The special handling for mx == 1 avoids accessing dp[1] when the DP array would otherwise have size one. This is the only boundary condition that requires explicit care.
Python integers automatically handle large values. The maximum possible answer is around 10^10, which easily fits in Python's integer type.
Worked Examples
Example 1
Input:
2
1 2
Frequency totals:
points[1] = 1
points[2] = 2
| i | points[i] | dp[i-2] | dp[i-1] | dp[i] |
|---|---|---|---|---|
| 1 | 1 | - | - | 1 |
| 2 | 2 | 0 | 1 | 2 |
Answer:
2
Taking value 2 is better than taking value 1. Since the values are adjacent, both cannot be chosen.
Example 2
Input:
5
2 2 2 2 2
Frequency totals:
points[2] = 10
| i | points[i] | dp[i-2] | dp[i-1] | dp[i] |
|---|---|---|---|---|
| 1 | 0 | - | - | 0 |
| 2 | 10 | 0 | 0 | 10 |
Answer:
10
This example shows why equal values must be grouped. Once value 2 is chosen, every occurrence contributes to the score.
Complexity Analysis
| Measure | Complexity | Explanation |
|---|---|---|
| Time | O(M) | One DP transition for every value from 1 to the maximum value |
| Space | O(M) | Arrays points and dp of size M + 1 |
Since M ≤ 100000, the algorithm performs only about one hundred thousand DP transitions and easily fits within both the time and memory limits.
Test Cases
# helper: run solution on input string, return output string
import sys
import io
def run(inp: str) -> str:
sys.stdin = io.StringIO(inp)
n = int(input())
a = list(map(int, input().split()))
mx = max(a)
points = [0] * (mx + 1)
for x in a:
points[x] += x
if mx == 1:
return str(points[1])
dp = [0] * (mx + 1)
dp[1] = points[1]
for i in range(2, mx + 1):
dp[i] = max(dp[i - 1], dp[i - 2] + points[i])
return str(dp[mx])
# provided sample
assert run("2\n1 2\n") == "2", "sample 1"
# minimum size
assert run("1\n1\n") == "1", "single element"
# all equal values
assert run("5\n2 2 2 2 2\n") == "10", "all equal"
# adjacent conflict
assert run("4\n1 1 2 2\n") == "4", "must choose better side"
# non-adjacent values
assert run("5\n1 3 5 7 9\n") == "25", "all values can be taken"
# classic mixed case
assert run("9\n1 2 1 3 2 2 2 3 3\n") == "10", "dp transition check"

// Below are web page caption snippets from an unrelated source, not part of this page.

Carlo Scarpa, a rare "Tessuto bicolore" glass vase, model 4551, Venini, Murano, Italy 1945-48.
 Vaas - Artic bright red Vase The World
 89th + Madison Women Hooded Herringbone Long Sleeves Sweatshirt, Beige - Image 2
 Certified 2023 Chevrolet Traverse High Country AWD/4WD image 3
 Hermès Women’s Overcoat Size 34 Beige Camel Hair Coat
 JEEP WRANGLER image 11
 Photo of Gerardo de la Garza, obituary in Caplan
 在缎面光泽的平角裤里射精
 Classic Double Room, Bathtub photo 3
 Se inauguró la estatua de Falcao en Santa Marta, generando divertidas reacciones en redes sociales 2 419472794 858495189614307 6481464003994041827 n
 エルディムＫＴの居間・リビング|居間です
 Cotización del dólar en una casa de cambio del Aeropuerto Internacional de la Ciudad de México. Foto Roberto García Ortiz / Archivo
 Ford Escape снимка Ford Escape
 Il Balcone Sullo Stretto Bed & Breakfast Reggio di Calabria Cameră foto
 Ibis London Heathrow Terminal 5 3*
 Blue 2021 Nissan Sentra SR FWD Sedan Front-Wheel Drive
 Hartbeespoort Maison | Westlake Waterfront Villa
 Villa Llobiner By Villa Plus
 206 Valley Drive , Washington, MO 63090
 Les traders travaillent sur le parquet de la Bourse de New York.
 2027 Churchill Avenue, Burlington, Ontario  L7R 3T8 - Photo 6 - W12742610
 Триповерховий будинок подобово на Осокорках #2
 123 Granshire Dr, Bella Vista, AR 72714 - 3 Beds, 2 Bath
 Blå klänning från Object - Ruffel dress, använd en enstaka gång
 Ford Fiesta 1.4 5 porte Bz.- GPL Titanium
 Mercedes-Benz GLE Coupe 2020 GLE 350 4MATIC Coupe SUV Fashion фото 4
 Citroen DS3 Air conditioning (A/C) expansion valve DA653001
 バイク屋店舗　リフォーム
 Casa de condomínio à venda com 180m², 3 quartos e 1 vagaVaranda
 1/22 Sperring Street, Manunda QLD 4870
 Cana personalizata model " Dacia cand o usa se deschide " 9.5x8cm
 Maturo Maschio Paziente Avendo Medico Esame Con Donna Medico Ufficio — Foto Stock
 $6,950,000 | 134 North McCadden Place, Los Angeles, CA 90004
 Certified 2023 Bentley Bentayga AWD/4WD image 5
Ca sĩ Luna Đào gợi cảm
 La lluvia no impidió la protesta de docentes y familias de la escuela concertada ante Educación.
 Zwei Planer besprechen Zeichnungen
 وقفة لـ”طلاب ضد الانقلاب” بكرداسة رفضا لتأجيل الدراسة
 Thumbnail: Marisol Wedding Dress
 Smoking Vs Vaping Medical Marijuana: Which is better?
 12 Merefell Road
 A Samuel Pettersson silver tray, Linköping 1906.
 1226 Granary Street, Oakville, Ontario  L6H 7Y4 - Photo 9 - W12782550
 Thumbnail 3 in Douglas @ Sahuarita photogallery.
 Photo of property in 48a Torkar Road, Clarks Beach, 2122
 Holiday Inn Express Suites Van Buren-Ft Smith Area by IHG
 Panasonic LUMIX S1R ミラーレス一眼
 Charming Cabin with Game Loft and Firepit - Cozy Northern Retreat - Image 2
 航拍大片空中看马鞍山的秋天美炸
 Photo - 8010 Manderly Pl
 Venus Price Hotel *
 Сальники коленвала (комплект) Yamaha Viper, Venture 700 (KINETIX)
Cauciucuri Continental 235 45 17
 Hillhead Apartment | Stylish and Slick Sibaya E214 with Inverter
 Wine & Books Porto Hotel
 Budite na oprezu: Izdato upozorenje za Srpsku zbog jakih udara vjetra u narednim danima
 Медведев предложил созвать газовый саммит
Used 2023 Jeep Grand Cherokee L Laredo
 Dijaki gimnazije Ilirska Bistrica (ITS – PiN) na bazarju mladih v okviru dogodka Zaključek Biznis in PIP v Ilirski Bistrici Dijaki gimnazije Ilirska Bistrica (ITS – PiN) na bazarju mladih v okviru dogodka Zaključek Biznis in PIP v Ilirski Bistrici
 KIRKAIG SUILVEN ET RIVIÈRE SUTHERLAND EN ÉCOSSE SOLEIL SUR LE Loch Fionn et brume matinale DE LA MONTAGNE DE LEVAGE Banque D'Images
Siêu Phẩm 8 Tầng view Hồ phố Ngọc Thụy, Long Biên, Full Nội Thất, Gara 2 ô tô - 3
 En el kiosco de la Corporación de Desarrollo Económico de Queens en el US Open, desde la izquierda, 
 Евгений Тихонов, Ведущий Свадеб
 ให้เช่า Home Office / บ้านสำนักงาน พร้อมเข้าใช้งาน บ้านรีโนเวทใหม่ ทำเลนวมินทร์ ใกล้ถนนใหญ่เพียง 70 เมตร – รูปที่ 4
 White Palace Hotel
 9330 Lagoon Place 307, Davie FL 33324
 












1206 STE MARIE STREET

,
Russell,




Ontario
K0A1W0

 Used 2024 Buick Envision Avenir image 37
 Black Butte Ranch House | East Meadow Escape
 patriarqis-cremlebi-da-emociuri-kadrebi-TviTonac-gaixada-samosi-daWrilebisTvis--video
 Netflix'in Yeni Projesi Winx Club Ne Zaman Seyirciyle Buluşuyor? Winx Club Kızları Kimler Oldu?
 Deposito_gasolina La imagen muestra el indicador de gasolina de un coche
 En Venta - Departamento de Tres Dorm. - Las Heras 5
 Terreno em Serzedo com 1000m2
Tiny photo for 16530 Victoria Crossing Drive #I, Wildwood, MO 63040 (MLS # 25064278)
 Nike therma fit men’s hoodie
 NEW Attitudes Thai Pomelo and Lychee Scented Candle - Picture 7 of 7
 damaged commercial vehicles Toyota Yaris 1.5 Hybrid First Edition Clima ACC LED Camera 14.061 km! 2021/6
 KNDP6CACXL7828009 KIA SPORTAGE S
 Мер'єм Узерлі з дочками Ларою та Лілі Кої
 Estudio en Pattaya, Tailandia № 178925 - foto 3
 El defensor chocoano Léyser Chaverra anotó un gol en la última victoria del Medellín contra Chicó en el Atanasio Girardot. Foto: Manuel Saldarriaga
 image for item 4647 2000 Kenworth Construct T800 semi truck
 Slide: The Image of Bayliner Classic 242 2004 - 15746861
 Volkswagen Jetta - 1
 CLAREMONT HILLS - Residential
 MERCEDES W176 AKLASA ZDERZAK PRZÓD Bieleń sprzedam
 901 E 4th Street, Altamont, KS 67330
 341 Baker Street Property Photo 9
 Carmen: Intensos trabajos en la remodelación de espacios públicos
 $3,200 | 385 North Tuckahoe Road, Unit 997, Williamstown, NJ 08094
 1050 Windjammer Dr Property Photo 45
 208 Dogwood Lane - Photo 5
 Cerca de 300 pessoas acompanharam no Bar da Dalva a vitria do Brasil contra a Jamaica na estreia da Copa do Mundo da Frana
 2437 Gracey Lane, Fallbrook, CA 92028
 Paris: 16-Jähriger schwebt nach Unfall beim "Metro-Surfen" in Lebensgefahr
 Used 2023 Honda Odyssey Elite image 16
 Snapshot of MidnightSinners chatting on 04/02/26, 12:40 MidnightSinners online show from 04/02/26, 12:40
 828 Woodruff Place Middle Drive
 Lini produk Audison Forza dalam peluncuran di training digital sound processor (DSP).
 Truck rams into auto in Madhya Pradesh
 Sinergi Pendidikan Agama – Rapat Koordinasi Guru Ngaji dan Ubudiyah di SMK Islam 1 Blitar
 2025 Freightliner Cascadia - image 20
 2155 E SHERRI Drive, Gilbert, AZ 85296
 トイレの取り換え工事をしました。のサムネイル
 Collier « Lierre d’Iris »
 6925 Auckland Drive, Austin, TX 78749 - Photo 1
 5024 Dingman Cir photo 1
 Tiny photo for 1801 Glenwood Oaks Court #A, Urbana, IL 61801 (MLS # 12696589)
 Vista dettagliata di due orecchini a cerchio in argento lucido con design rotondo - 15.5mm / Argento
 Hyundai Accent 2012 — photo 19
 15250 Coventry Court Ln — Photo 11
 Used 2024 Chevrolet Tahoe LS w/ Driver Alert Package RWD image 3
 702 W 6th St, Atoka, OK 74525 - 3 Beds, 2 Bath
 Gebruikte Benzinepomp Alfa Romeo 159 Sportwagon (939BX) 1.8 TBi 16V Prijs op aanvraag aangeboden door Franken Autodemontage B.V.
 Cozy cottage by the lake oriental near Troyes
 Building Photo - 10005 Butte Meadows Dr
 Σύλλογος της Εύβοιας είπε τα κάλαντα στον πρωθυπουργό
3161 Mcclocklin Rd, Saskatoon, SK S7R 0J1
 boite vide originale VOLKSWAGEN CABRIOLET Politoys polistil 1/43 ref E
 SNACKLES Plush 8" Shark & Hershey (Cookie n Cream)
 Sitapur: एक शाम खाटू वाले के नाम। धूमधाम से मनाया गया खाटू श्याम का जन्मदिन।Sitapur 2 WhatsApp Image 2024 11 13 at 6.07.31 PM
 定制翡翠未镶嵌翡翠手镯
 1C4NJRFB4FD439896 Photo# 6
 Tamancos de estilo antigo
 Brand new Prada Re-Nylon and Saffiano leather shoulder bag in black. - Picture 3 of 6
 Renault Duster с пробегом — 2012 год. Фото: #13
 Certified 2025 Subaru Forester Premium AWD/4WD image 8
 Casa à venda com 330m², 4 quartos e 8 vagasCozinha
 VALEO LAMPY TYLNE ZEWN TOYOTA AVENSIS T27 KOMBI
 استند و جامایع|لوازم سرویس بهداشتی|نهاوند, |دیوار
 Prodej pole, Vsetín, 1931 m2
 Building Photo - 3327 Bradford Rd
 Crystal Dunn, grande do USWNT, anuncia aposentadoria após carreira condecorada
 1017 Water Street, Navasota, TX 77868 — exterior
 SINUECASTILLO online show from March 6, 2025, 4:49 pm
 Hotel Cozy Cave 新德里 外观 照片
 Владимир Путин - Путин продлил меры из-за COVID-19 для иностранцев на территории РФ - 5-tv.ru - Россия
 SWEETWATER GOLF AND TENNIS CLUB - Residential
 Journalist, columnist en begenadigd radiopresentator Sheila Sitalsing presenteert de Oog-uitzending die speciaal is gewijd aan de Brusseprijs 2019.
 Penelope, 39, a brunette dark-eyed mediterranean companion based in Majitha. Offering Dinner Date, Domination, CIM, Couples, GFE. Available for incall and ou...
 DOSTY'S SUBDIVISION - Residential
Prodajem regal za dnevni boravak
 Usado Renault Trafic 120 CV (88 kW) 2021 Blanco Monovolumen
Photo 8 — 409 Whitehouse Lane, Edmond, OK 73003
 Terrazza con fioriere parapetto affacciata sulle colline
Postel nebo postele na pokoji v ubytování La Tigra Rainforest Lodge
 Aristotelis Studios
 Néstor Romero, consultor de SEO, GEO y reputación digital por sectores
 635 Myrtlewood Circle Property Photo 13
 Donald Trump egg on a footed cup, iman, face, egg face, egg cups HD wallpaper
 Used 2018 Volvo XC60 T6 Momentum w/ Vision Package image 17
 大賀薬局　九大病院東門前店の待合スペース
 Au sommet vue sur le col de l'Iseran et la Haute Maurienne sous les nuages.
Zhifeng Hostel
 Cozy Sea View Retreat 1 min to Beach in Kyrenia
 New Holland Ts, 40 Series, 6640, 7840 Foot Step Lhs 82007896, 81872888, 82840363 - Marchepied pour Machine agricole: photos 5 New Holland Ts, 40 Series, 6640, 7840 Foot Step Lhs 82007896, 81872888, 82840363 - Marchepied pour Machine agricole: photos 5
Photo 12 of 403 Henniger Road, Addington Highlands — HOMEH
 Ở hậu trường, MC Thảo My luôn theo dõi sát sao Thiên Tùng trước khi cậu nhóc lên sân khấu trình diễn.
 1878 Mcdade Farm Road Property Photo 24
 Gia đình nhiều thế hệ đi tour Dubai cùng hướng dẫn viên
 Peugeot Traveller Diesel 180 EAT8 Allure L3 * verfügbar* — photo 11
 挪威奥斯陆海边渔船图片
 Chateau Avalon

| Test input | Expected output | What it validates |
|---|---|---|
1 / 1 |
1 |
Smallest valid input |
5 / 2 2 2 2 2 |
10 |
All occurrences of one value are collected |
4 / 1 1 2 2 |
4 |
Adjacent values conflict |
5 / 1 3 5 7 9 |
25 |
Non-adjacent values can all be chosen |
9 / 1 2 1 3 2 2 2 3 3 |
10 |
General DP behavior |
Edge Cases
Consider:
3
2 2 2
The aggregated score is:
points[2] = 6
The DP computes:
dp[1] = 0
dp[2] = max(0, 6) = 6
The output is 6, correctly collecting every occurrence of value 2.
Consider:
4
1 1 2 2
The totals become:
points[1] = 2
points[2] = 4
The DP computes:
dp[1] = 2
dp[2] = max(2, 4) = 4
The output is 4. The algorithm correctly recognizes that taking all 2s is better than taking all 1s.
Consider:
5
1 3 5 7 9
The totals are:
points[1] = 1
points[3] = 3
points[5] = 5
points[7] = 7
points[9] = 9
All intermediate values have contribution zero. The recurrence repeatedly takes every non-conflicting value, producing:
1 + 3 + 5 + 7 + 9 = 25
The output is 25, showing that gaps between values are handled naturally by the DP.